Андрей сжал кулак в кармане. В том кармане лежало письмо от отца, пришедшее на той неделе. Матвей Ильич выводил косыми буквами: «Милый Андрюша, выживи. Остальное приложится».
«Выживу», — подумал Андрей, глядя на солдатские штыки. — «Или не выживу. Но номером больше не буду».
— Братцы! — закричал молодой парень в замасленной кепке, влезая на ящик. — Не расходиться! Всем миром пойдем к Думе!
Но пойти не успели.
Андрей услышал цокот копыт сначала — тяжелый, частый. Потом увидел всадников. Кавалерия вынырнула из-за угла, как звери из норы: серые шинели, каски, лошадиные морды в мыле. Офицер на гнедом жеребце взмахнул рукой, и строй развернулся цепью.
— Разойдись! — крикнул он звенящим голосом. — По закону военного положения приказываю!
Толпа не расходилась. Наоборот, она сжалась, стала плотнее, как кулак. Кто-то кинул в солдат комком снега. Кто-то засвистел.

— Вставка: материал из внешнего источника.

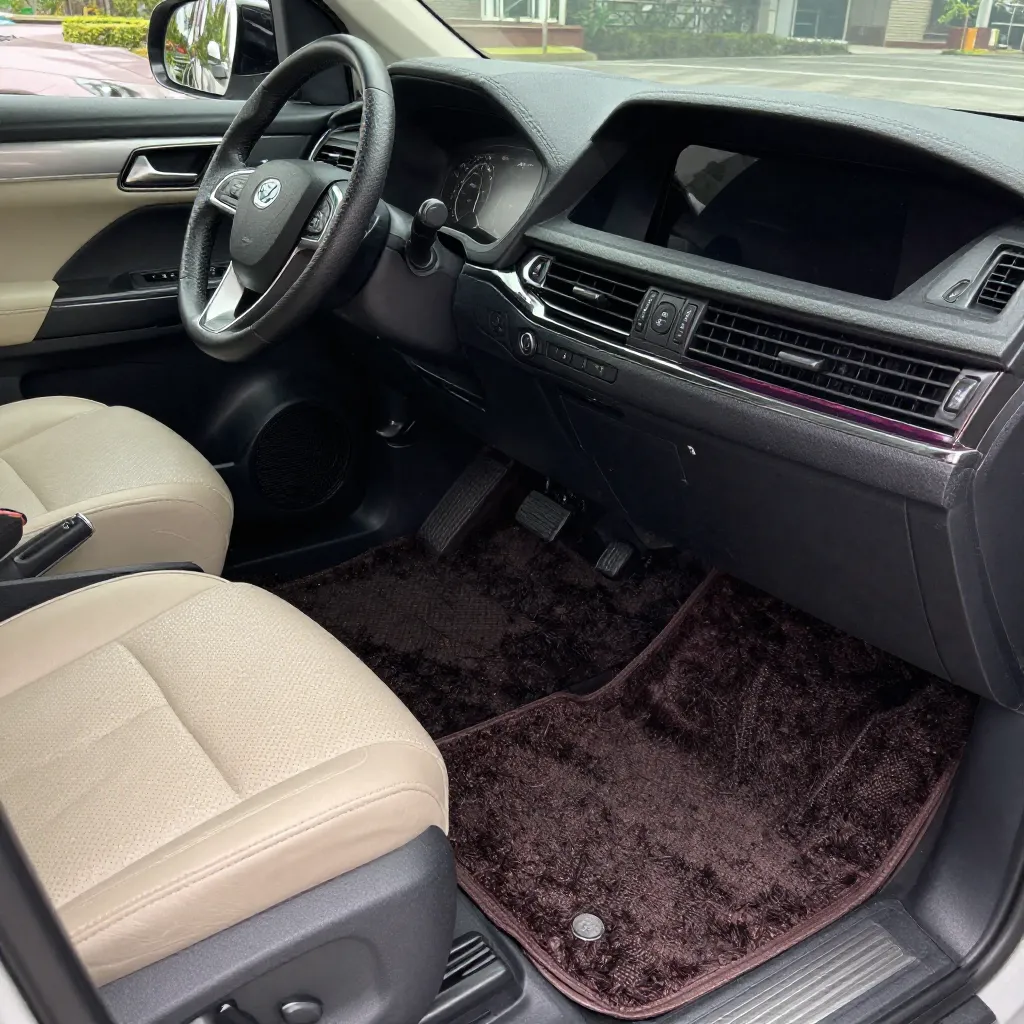 Professional detailing workspace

— Стрелять буду! — предупредил офицер.
Андрей стоял во втором ряду. Прямо за женщиной с младенцем на руках — закутанным, спящим, ничего не понимающим. Он хотел крикнуть ей, чтобы уходила, но язык не слушался.
Офицер опустил руку.
Залп ударил не звуком — ударом. Как если бы огромная дверь хлопнула у самого уха. Андрей не понял сначала, что случилось. Он просто упал на снег, потому что кто-то сзади навалился на него. А когда поднял голову, увидел, что женщина стоит на коленях, качается, и на снег, черный от копоти, падают алые капли — одна, вторая, третья.
Младенец не плакал.
Пуля прошла навылет — ей, не ему. Женщина держала ребенка, улыбаясь чему-то нездешнему, и кровь заливала пеленки. Андрей закричал — не от боли, от ужаса. Но крик утонул во втором залпе.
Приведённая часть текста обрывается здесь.